* _DATA FOR PROCESSING_
········
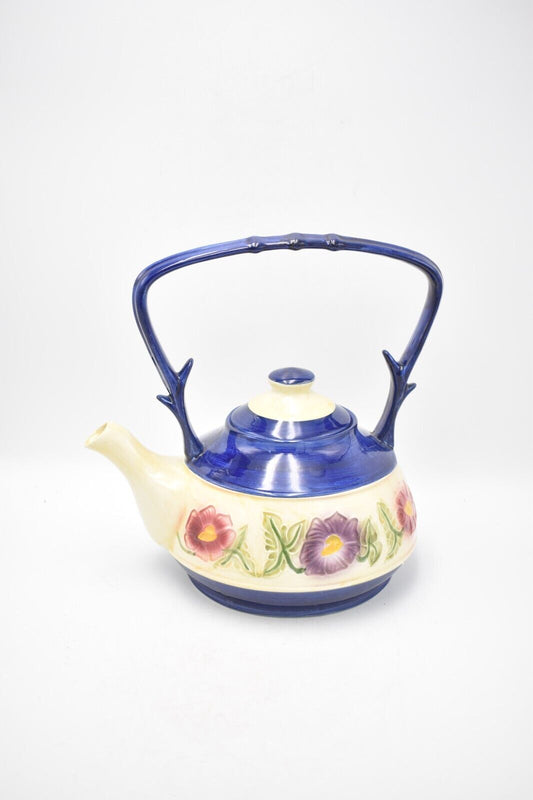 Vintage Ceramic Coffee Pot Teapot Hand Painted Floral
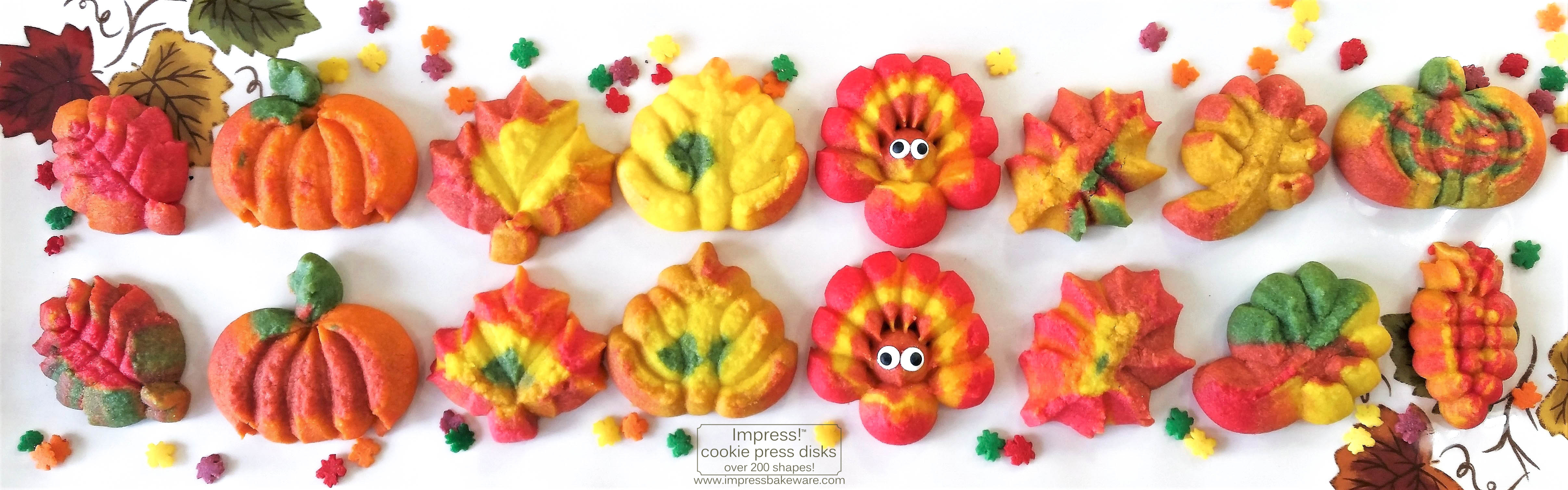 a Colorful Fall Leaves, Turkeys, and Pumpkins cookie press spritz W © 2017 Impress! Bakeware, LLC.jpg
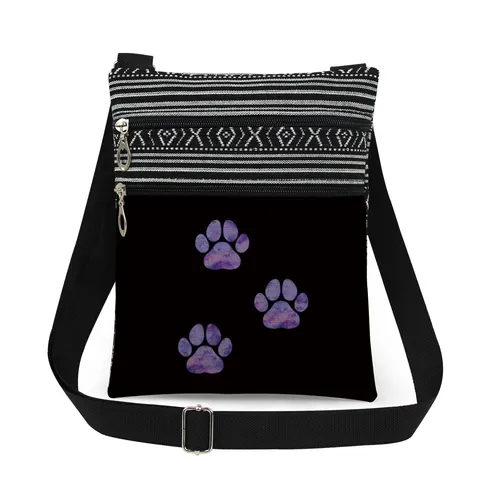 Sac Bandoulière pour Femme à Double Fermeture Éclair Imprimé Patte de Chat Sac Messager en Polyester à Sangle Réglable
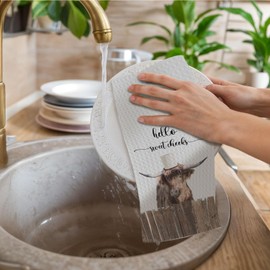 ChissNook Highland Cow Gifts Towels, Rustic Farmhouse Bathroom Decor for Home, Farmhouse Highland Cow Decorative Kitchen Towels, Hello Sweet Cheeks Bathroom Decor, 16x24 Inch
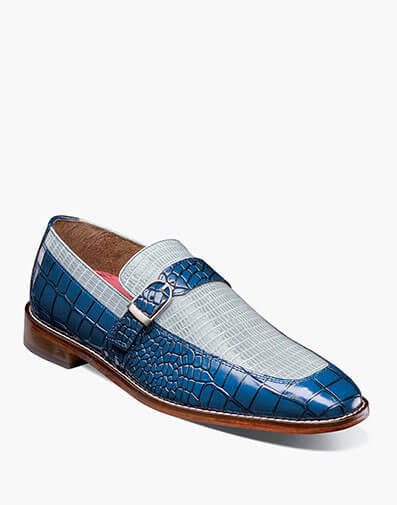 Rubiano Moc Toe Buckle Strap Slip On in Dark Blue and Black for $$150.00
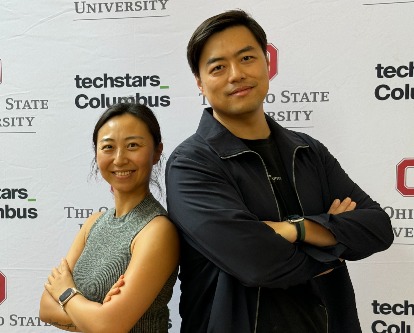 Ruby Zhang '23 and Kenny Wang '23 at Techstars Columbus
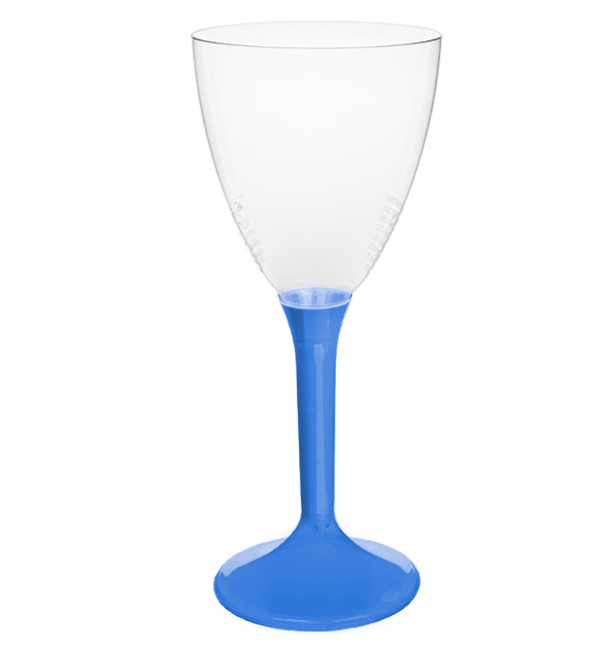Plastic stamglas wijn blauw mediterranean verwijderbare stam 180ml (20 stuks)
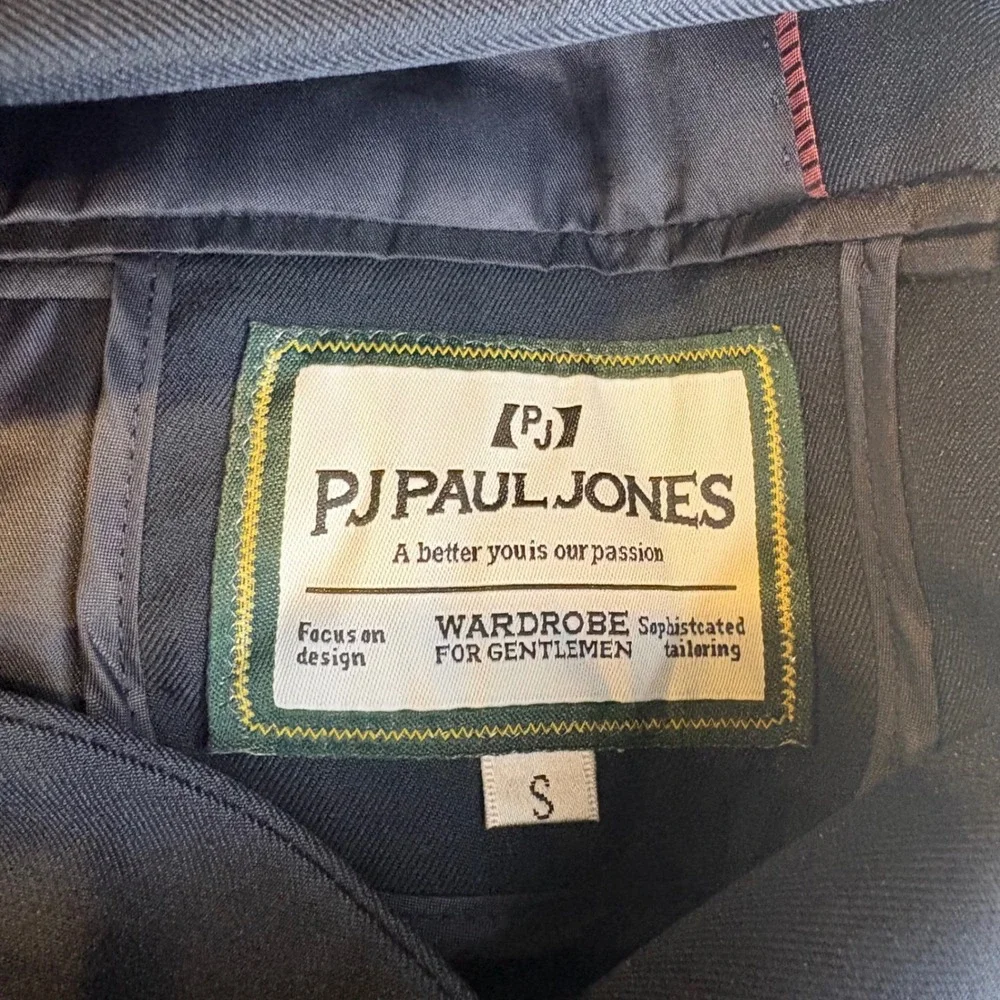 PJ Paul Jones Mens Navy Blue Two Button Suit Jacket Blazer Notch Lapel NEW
········
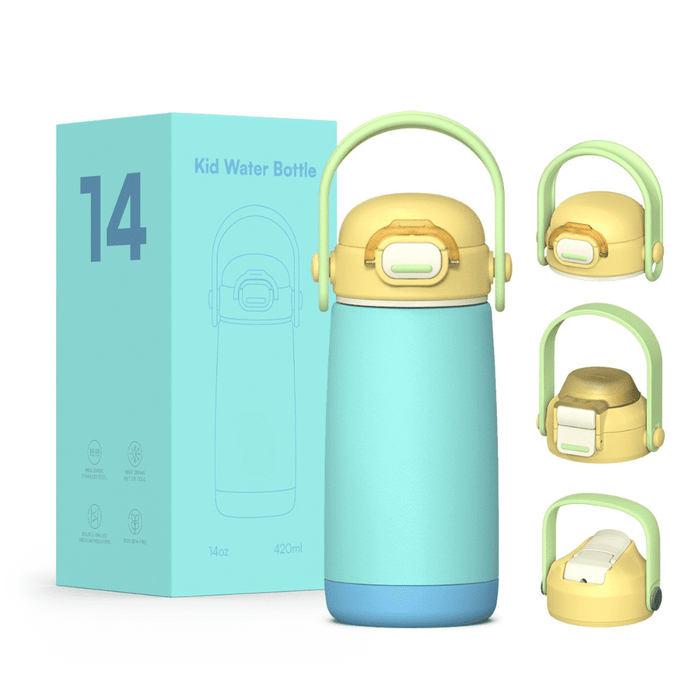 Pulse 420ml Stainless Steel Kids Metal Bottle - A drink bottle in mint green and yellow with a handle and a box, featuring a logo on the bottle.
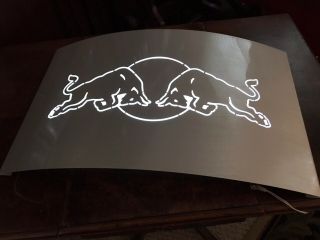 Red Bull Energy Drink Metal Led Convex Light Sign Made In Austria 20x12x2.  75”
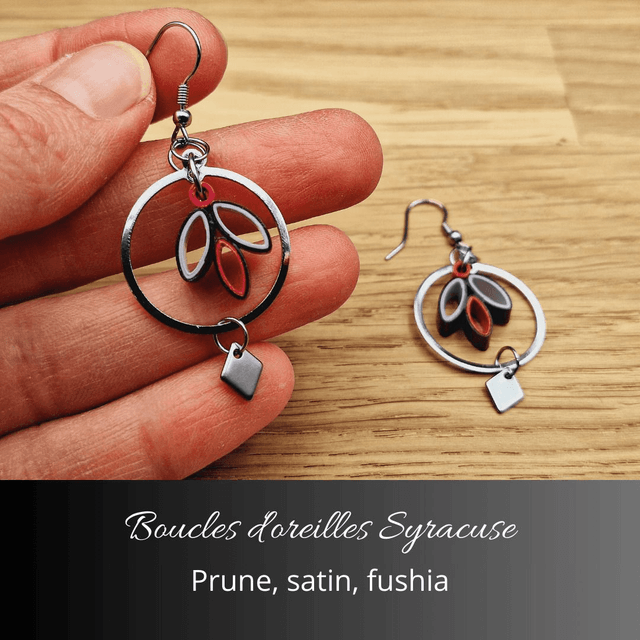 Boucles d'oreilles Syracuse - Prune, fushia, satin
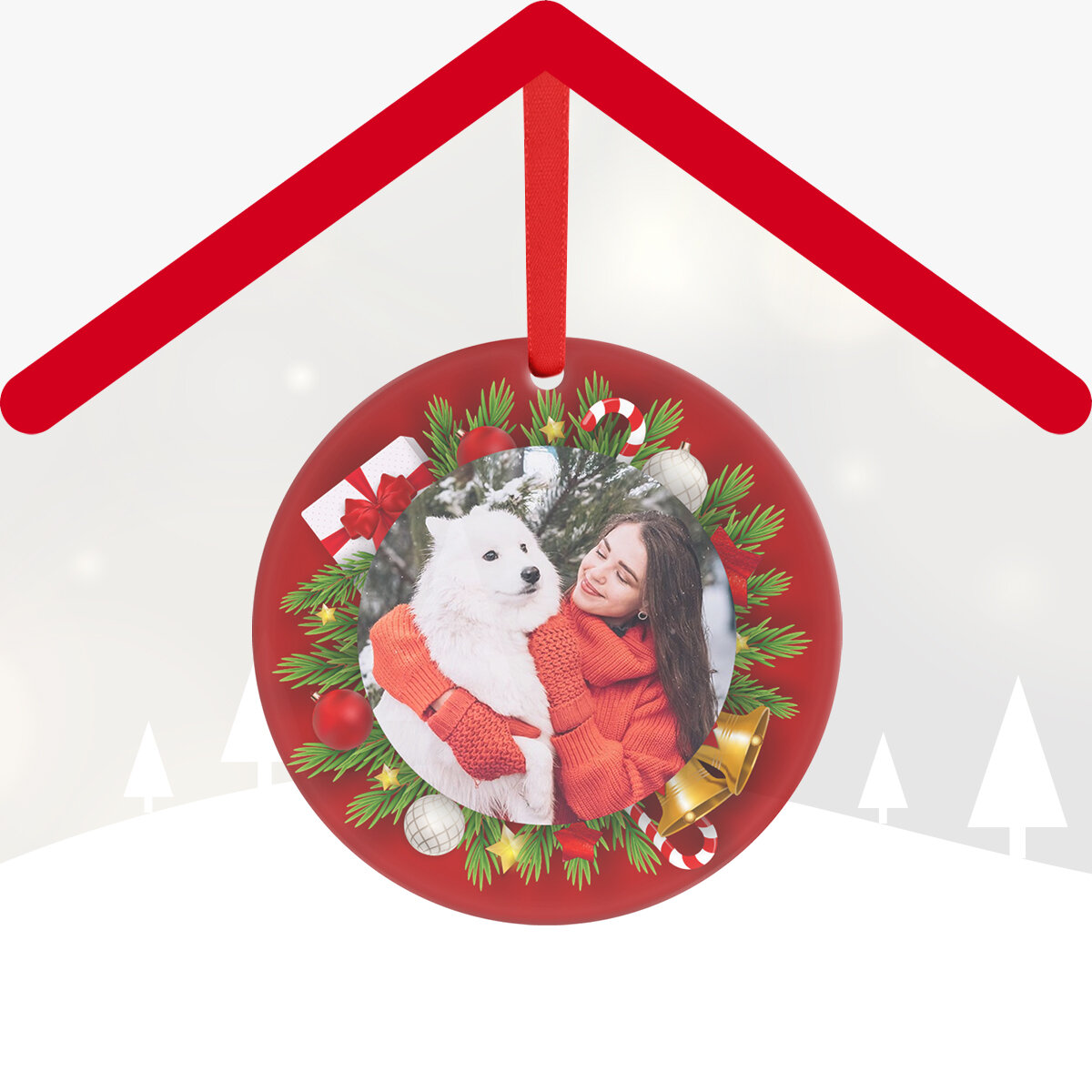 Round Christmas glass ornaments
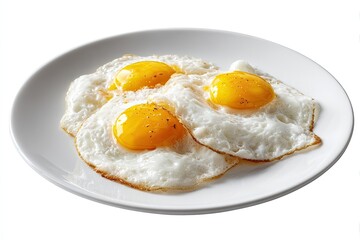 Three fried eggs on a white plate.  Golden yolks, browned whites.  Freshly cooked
········
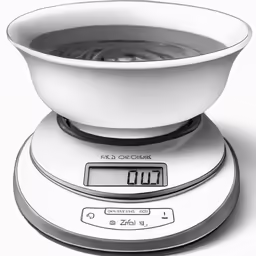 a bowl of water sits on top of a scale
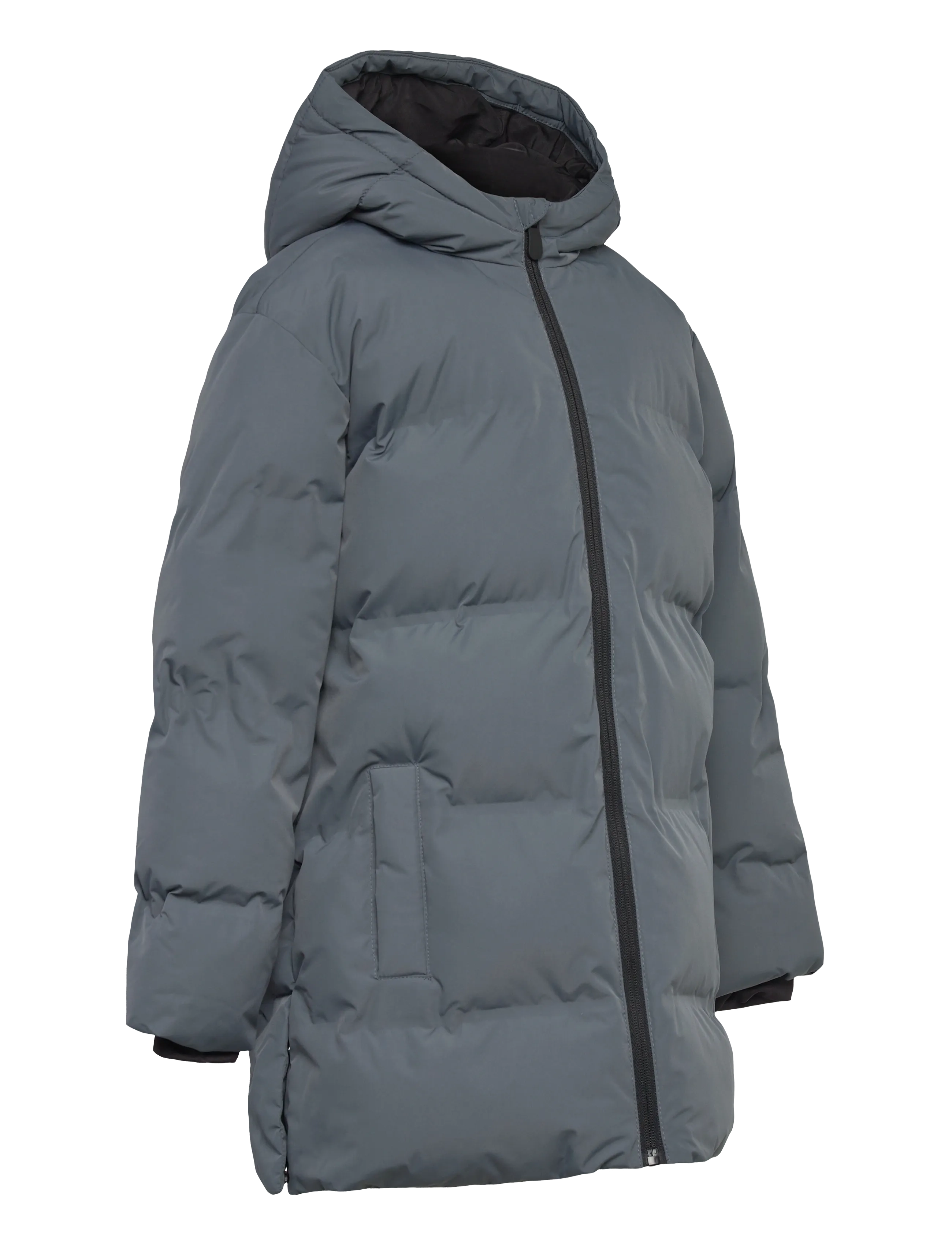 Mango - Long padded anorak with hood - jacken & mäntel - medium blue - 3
········
* _GOAL OF THE EXERCISE_
Between and including the line with "a bowl of water sits on top of a scale" and the line with "Mango - Long", repeat every line exactly as it appears above, with pictures left out.

* _ANSWER BELOW_
 a bowl of water sits on top of a scale
 Mango - Long padded anorak with hood - jacken & mäntel - medium blue - 3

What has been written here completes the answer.